Step-by-step explanation:
The question asks us to calculate the mass of sodium chloride (NaCl) required to prepare a solution with a specific concentration of chloride ions (Cl-). Below are the calculation steps:
- Determine the number of moles of Cl- needed for the solution using the given molarity (0.0561 M) and volume (1.95 L).
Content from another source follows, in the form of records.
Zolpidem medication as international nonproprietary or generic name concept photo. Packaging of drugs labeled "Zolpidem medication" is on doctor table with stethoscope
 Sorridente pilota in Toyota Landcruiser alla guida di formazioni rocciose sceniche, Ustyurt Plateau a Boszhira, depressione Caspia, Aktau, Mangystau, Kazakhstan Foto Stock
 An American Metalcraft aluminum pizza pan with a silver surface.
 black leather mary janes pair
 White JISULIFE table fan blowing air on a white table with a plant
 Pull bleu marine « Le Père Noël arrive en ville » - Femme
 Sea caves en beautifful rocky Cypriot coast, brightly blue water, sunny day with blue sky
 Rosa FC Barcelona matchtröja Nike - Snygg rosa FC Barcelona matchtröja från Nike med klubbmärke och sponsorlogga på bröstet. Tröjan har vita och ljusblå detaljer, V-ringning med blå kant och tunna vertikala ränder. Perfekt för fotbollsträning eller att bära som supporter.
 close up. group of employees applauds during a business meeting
The number of moles of Cl- is equal to the molarity times the volume.
- NaCl dissociates into Na+ and Cl- ions in a 1:1 ratio, so the moles of NaCl needed will also be the same as the moles of Cl-.
- Calculate the mass of NaCl needed by multiplying the moles of NaCl by its molar mass (58.44 g/mol).
To answer the question:
- Moles of Cl- required: 0.0561 M * 1.95 L = 0.109 mol Cl-
- Moles of NaCl required: 0.109 mol (since 1 mole of NaCl gives 1 mole of Cl-).
- Mass of NaCl required: 0.109 mol * 58.44 g/mol = 6.37 g of NaCl.
Therefore, we would need to dissolve approximately 6.37 g of NaCl to create a 1.95 L solution with a 0.0561 M concentration of chloride ions.